Sunday, June 24, 2007

WTSIM Apple Dumplings

Apple and mulberry dumpling

This month my entry into WTSIM.. dumpling is more of a voyage of culinary experimentation than a recipe to be triumphantly passed on and heralded as an unqualified success. Johanna decreed stuffed dumplings to be the theme this month. I come from an English background where dumplings are to be found unstuffed, floating in stews, to bulk out the meat and sop up the gravy - robust fillers for hungry labourers and school children. I'd never before eaten a stuffed dumpling, let alone cooked one.

Coincidentally, I am reading Elisabeth Luard's Still Life at the moment. It is an account of her travels around Central and Eastern Europe and Scandinavia in the mid-Eighties, researching traditional country recipes for her book European Peasant Cookery. I love her style which is forthright, inquiring and persevering and am lost in admiration of the quantities of pickled herring and black bread that she managed to endure and, more to the point, persuade her accompanying husband to endure, in the pursuit of more enticing culinary traditions. She starts her journey in Munich and as she traverses Austria is challenged by a mammoth meal which culminates in four plum dumplings per serving. She offers the recipe and, with the WTSIM event in mind, I thought I'd spend a blustery Saturday afternoon conducting my own dumpling research.

I compared Elisabeth Luard's recipe to Johanna's suggestion and also found an Austrian cookery site here. All the recipes looked pretty similar and though I had no plums, I thought I could try with a combination of apples and mulberries. I'd already come across the concept of using potatoes combined with flour to make a dough, from the Italian potato gnocchi, that I'd once helped make in a family home on my travels through Italy. They are savoury, served in a tomato sauce, so I was interested in how the potato dough would turn out with a sweet filling.

I slightly softened the apple chunks in a little butter first, as the recipe seemed to demand soft fruit. The potatoes duly cooked, peeled and mashed, I made up the dough, divided it into twelve and started wrapping the fruit. This was achieved reasonably well, though I didn't know quite how much fruit to try and encase, and odd corners of apple chunks insisted on poking through then the mulberry juice also wanted to escape.

I ended up with twelve tidy balls and set to boiling them. I danced attendance expecting disaster but the cooking was achieved uneventfully, no exploding dumplings and I felt quite pleased. The final step was to fry breadcrumbs in butter to coat them in. I think Elisabeth demanded too much butter though, as they ended up soft and glistening rather than the crispy coating described, but here they were - dumplings on a plate.

The acid test of consumption was where I encountered a hitch. My chief tasters lined up with bowls in anticipation, sprinkled the dumplings with sugar and cinnamon and I awaited comments. I was none too confident, as adventurous eaters they are not and my first exploratory tasting had come away with an impression of rather doughy potato flavour.

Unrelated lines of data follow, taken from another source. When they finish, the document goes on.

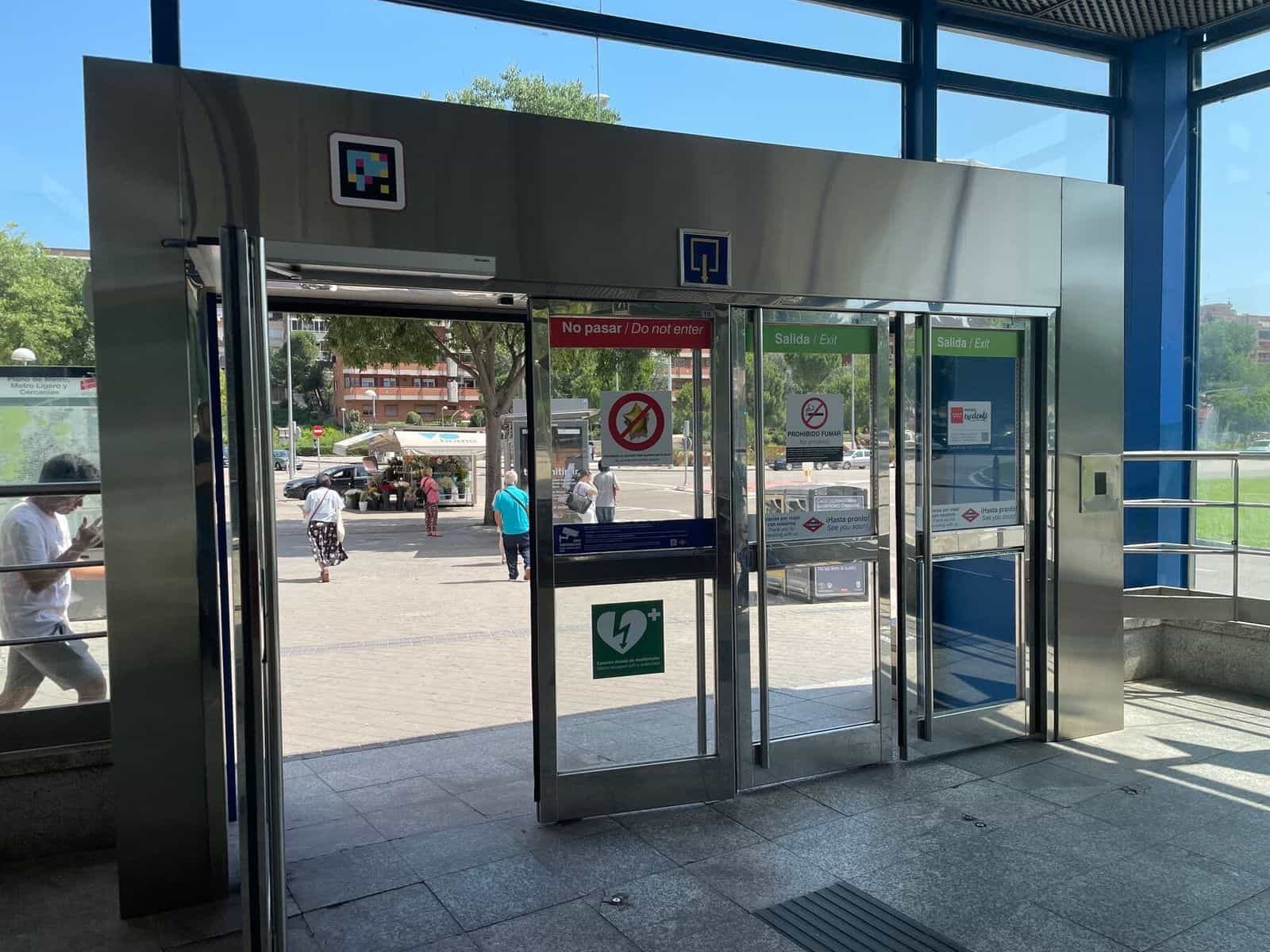 Außenzugang Mar de Cristal: der Glas- und Edelstahlkubus der Station mit einem weiß gerahmten NaviLens-Code am Metallsturz; darunter Schiebetüren mit grünen „Ausgang/Exit“-Streifen, ein grünes Defibrillator-Schild und der Ausgang zur baumbestandenen Allee mit einer Blumenhandlung im Hintergrund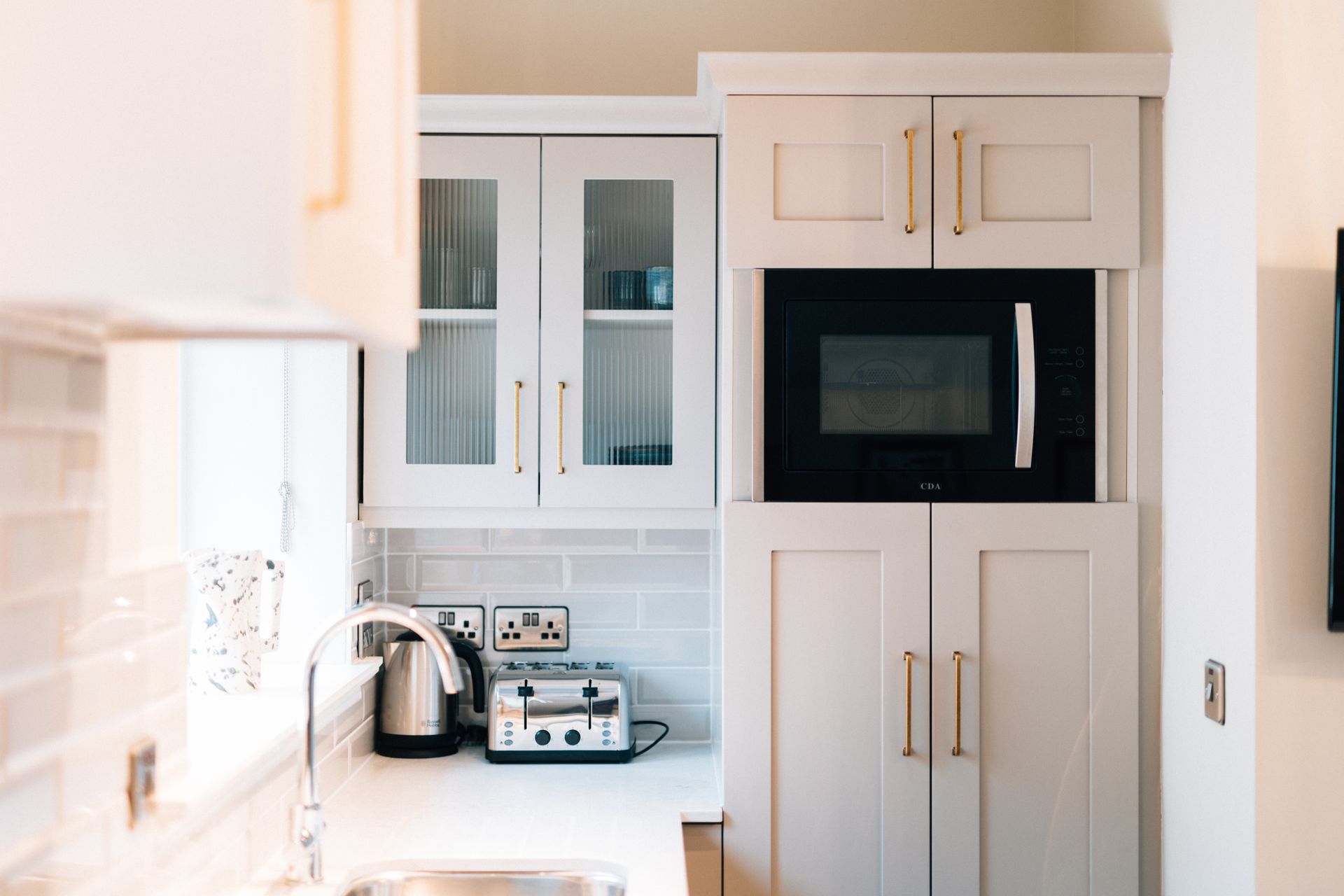 Kitchen area with white cabinets, gold hardware, and a built-in microwave.  A toaster and kettle sit on the countertop.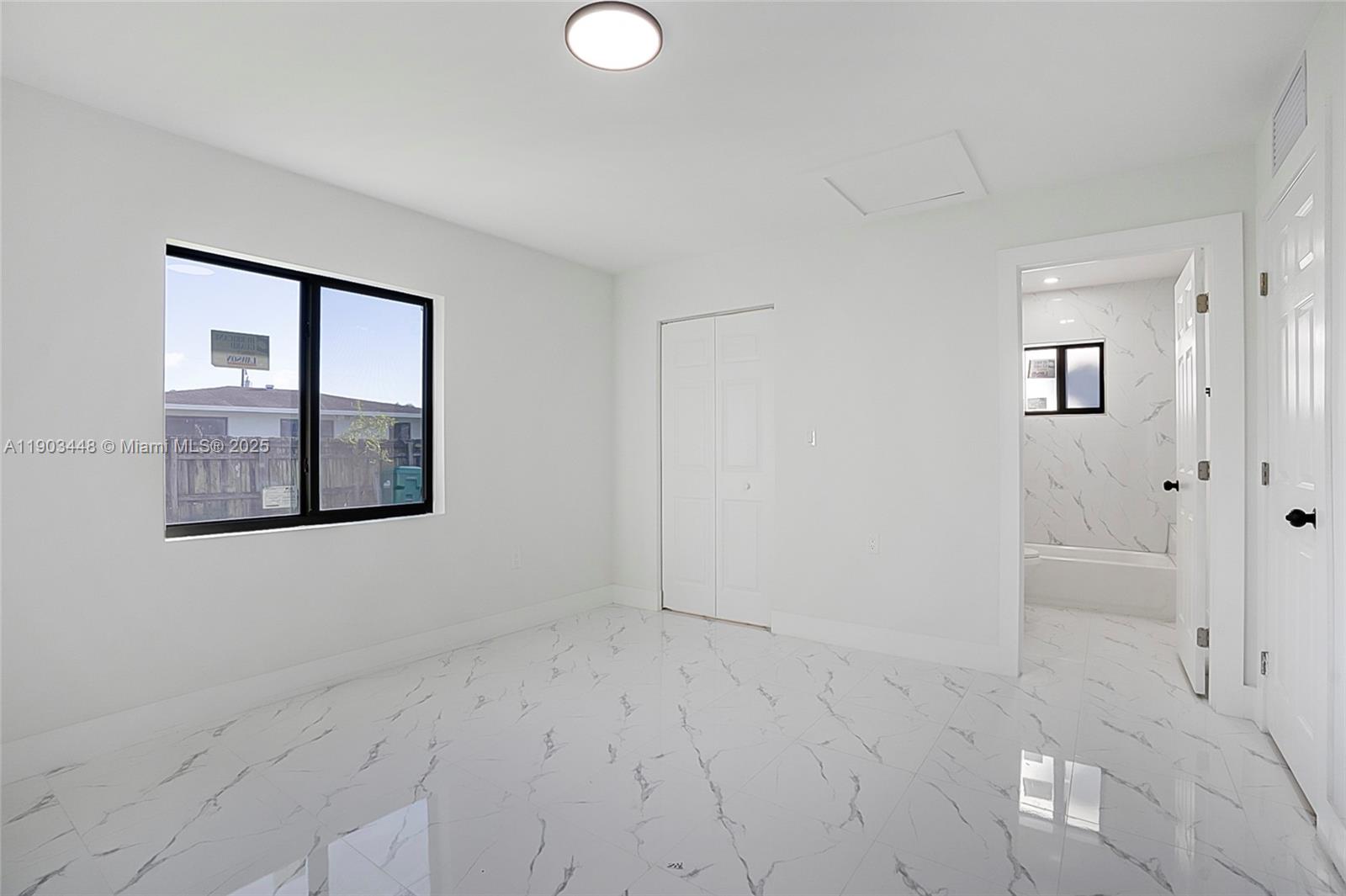 10362 Southwest 180th Street, Unit 3 Miami, FL 33157 - Photo 9 of 17 a view of an empty room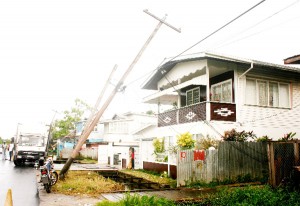 Fallen: The snapped electricity pole and the leaning poles at Hadfield Street yesterday.  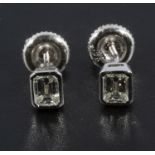 A pair of white gold emerald cut diamond studs, 63pt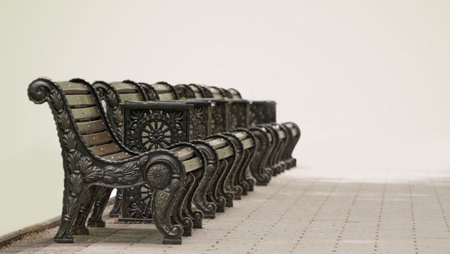 Several benches standing in a row in parke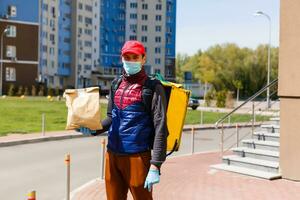 Comida Entrega homem dentro uma protetora mascarar e luvas com uma termo mochila perto uma casa durante a quarentena período foto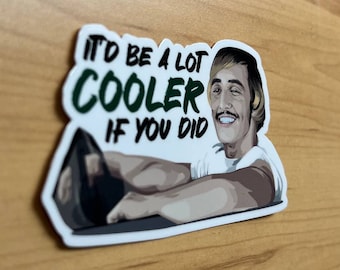 May include: A white sticker with a cartoon illustration of a man with blonde hair and a mustache. The man is wearing a white shirt and has a serious expression on his face. The text on the sticker reads "It'd be a lot cooler if you did."
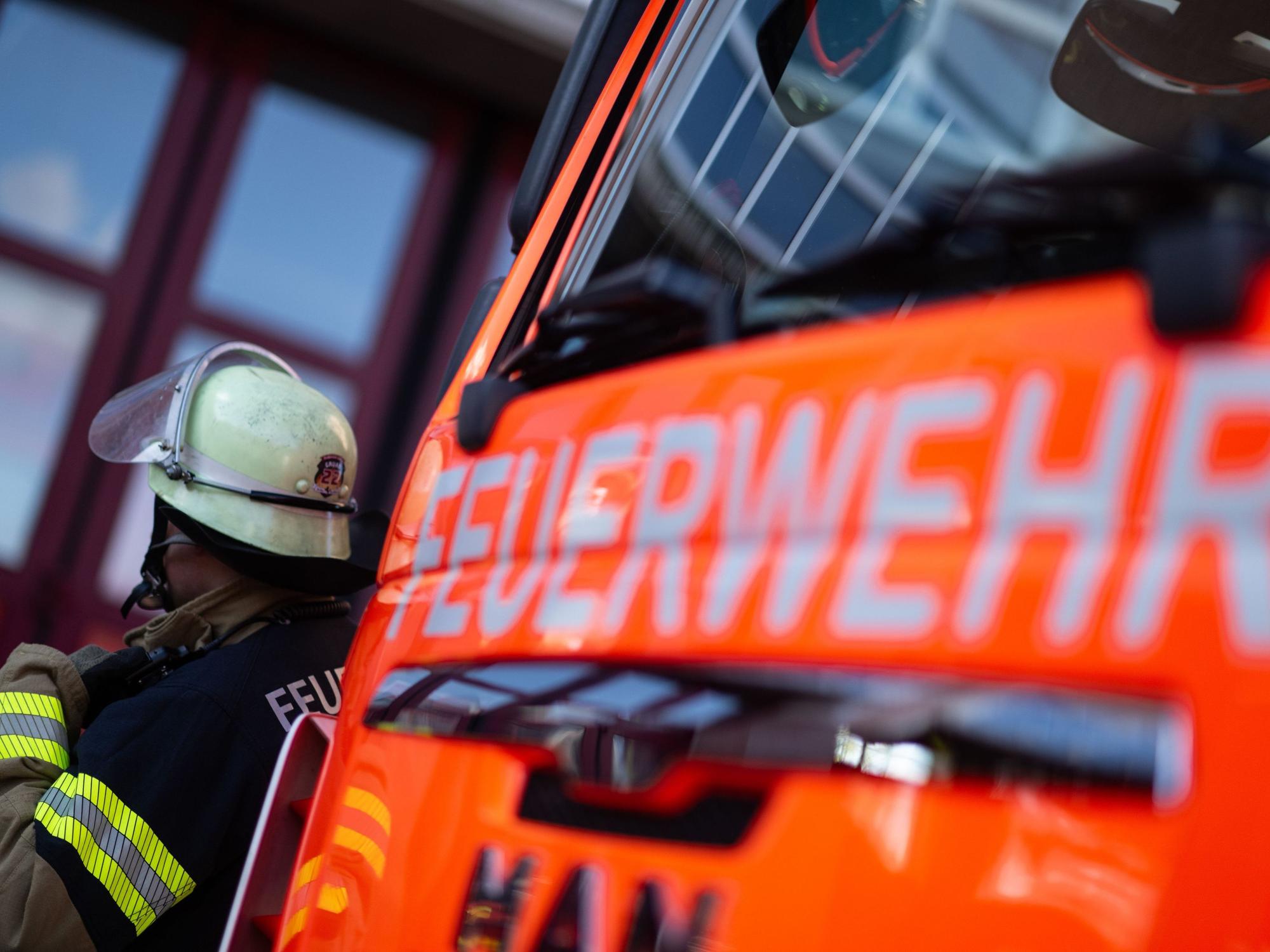 Eine Einsatzkraft der Feuerwehr steht neben einem Einsatzfahrzeug der Feuerwehr.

Well the verdict came in: youngest rejected the dumpling, due to its tasting of potato (in indignant tones) though she ate the fruit from inside. My son returned the whole thing barely nibbled at. My six year old sprinkled on more sugar and consumed the whole thing with gusto, soon ready for seconds. My husband loyally tasted it, though I knew he'd find it too heavy, but he nobly ate half his. I.. well, in the spirit of culinary curiosity, I ate one and then a second, to examine how I could have made them lighter, fluffier or generally more appealing. This excess of fervour made it rather hard to contemplate cooking supper a bare couple of hours later with my stomach still loaded with dumplings!

I'm putting up photos so that you can all tell me where I went wrong. I think I needed much more fruit in the centre and to have made the dumpling coating much thinner, though I don't know how well they would have stayed together if they were too thin. Should I have seasoned the dumpling dough with either salt or sugar? Should I have dried them on paper towel before enveloping them in the crispy crumbs? It's very hard to judge, when I've never eaten the genuine article as prepared by an expert. I only know that mine were way too heavy and the dough rather bland.

Dumpling post mortem - please help with the verdict!

Nevertheless, it was stimulating to try cooking something so completely different to our usual fare, though I've a long way to go before I'll be doughty enough to tour Eastern Europe Luard style on a diet of herring, tripe, black bread and sauerkraut!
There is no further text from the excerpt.